第148話
「ギャアアアアアアアアアアアアアアアアアア‼」
「龍のくせにやかましいぞー。大人しくしてないと肉までえぐれるぞー」
鱗だけで勘弁してほしいという始祖龍のお願いを聞き入れた俺は、結界に閉じ込めた龍の鱗を魚の鱗を取るがごとくはぎ取っている。
まぁ、無理矢理採ってるんで当たり前だけど滅茶苦茶痛いらしく、せまっ苦しい結界内でどったんばったん暴れてる。モチロン血も少量出るんで下の方は真っ赤。意図せず違う素材が出てきたけど、横で取んじゃねぇぞ? って目で見て来るんでそっちに関しては無視しよう。
そうして、亜空間にたっぷりと鱗を収納したんで結界を解除してやる。
「ググ……グ」
全部は採り切れんかったけど、半分近くの鱗を採取したから最初と違ってメッチャみすぼらしい姿になり果ててる。
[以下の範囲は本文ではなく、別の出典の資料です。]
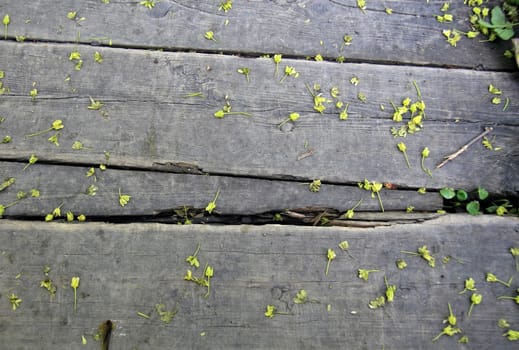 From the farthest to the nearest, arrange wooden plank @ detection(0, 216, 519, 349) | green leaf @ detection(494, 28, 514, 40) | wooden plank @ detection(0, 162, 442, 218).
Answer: green leaf @ detection(494, 28, 514, 40) → wooden plank @ detection(0, 162, 442, 218) → wooden plank @ detection(0, 216, 519, 349)

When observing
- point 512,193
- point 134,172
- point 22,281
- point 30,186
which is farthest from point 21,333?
point 512,193

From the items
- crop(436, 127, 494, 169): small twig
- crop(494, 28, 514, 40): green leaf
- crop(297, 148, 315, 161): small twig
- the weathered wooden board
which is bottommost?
crop(297, 148, 315, 161): small twig

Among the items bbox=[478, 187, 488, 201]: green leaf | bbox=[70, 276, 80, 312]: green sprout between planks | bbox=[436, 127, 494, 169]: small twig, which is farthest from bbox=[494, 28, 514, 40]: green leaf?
bbox=[70, 276, 80, 312]: green sprout between planks

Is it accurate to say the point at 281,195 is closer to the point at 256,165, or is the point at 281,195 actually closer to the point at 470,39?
the point at 256,165

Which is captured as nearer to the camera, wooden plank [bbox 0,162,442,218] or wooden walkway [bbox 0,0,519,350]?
wooden walkway [bbox 0,0,519,350]

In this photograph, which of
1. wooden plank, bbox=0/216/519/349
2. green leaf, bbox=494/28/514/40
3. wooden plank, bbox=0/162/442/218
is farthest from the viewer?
green leaf, bbox=494/28/514/40

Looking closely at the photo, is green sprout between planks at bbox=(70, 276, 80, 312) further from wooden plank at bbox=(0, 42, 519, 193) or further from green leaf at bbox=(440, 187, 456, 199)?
green leaf at bbox=(440, 187, 456, 199) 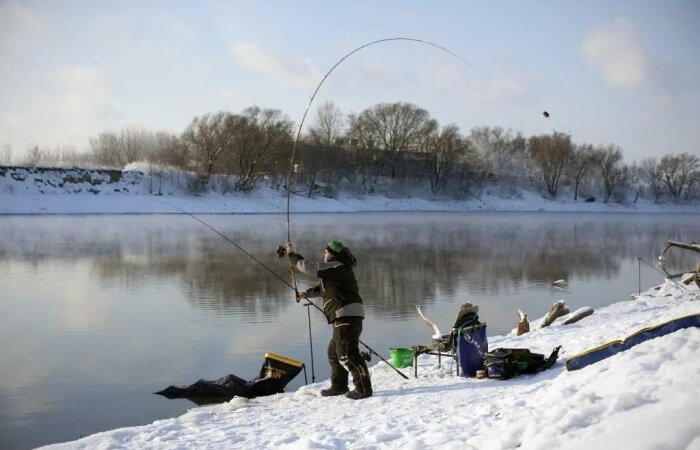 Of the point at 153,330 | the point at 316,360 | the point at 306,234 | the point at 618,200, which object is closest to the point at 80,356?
the point at 153,330

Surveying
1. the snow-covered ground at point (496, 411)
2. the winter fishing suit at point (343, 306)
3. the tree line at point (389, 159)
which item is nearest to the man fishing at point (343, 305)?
the winter fishing suit at point (343, 306)

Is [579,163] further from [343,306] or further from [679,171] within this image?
[343,306]

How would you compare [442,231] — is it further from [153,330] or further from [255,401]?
[255,401]

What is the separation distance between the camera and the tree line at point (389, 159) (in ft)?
181

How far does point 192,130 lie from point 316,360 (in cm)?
4944

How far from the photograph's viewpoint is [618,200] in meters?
71.6

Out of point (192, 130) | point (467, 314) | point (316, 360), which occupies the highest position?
point (192, 130)

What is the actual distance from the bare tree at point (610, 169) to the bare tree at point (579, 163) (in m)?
0.97

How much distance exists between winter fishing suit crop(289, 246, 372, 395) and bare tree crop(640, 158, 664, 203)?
7558 centimetres

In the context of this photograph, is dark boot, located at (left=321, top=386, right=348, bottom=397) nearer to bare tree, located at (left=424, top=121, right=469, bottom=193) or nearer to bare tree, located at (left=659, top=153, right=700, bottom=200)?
bare tree, located at (left=424, top=121, right=469, bottom=193)

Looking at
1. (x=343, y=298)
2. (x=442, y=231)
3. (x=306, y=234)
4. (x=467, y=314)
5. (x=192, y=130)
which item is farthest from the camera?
(x=192, y=130)

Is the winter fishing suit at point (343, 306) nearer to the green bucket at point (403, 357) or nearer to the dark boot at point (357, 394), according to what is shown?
the dark boot at point (357, 394)

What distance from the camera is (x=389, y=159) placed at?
68.6 meters

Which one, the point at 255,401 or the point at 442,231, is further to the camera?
the point at 442,231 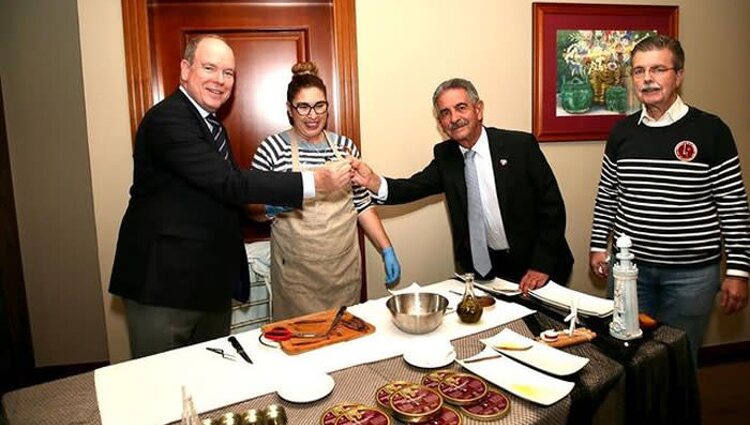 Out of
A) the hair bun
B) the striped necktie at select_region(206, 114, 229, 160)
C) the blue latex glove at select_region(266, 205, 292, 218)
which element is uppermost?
the hair bun

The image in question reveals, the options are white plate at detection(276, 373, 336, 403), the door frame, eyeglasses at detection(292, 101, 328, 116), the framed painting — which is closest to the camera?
white plate at detection(276, 373, 336, 403)

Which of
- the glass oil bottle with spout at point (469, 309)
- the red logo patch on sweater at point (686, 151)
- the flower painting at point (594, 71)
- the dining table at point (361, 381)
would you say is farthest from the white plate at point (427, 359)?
the flower painting at point (594, 71)

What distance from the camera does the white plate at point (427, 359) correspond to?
1321mm

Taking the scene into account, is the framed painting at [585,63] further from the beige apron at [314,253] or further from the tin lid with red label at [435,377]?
the tin lid with red label at [435,377]

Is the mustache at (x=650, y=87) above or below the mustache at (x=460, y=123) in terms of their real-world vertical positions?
above

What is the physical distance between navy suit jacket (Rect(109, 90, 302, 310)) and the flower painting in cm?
168

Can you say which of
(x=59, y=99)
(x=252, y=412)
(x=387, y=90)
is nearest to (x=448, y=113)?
(x=387, y=90)

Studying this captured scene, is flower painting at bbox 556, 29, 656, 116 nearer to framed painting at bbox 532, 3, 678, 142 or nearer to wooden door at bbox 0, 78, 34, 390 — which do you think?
framed painting at bbox 532, 3, 678, 142

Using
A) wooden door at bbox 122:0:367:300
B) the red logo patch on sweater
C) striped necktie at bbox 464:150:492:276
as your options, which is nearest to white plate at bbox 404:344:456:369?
striped necktie at bbox 464:150:492:276

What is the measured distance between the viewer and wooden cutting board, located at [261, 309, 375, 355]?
1.44m

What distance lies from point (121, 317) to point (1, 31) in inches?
68.6

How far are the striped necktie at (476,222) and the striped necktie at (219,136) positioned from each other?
3.27 feet

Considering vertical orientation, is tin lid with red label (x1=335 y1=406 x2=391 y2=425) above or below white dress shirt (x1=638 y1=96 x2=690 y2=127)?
below

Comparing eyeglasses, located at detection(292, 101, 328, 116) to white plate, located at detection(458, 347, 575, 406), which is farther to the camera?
eyeglasses, located at detection(292, 101, 328, 116) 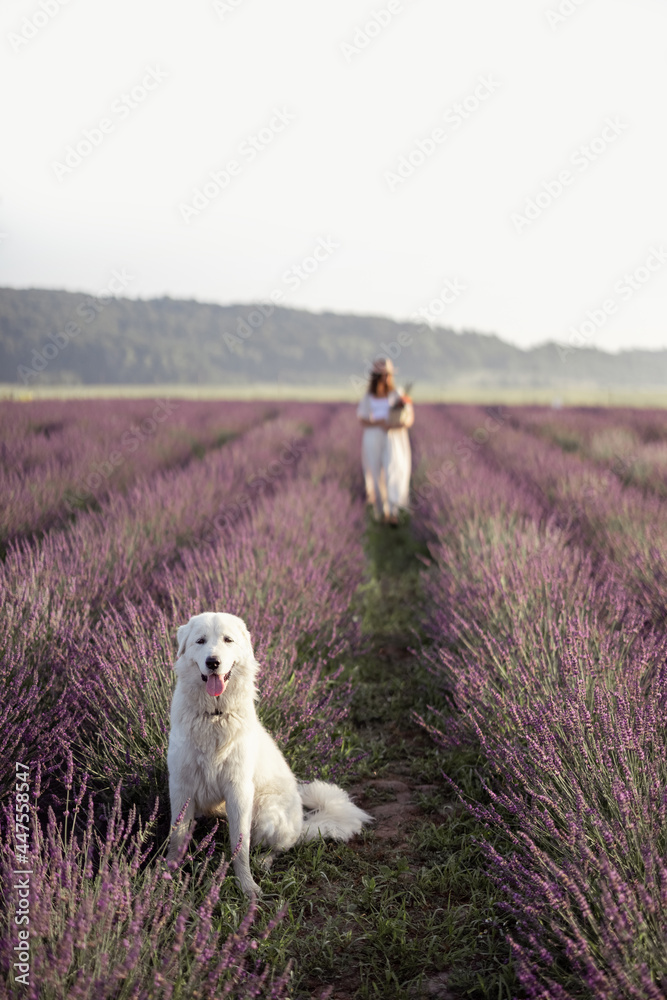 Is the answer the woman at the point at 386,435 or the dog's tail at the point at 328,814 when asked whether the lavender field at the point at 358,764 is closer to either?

これじゃあワイバーンの方がよっぽとマシな姿してるよなーと思ったけど口には出さないでおこう。
「いやー。大量に採取したはいいけど何に使うべ」
真っ先のに思いつくのはやっぱ武具だろ。ゲームでもドラゴンの名を冠する武具の類は大抵高品質。この世界でもテンプレだろう。
1つ手に取ってみる。大きさはまな板くらい。表面はザラザラしてておろし金の代わりとして使えそうなうえに硬いのにめっちゃ軽い。発泡スチロールかってくらい軽いのに岩を殴りつけても傷一つ入らんのはさすドラと言ったところか。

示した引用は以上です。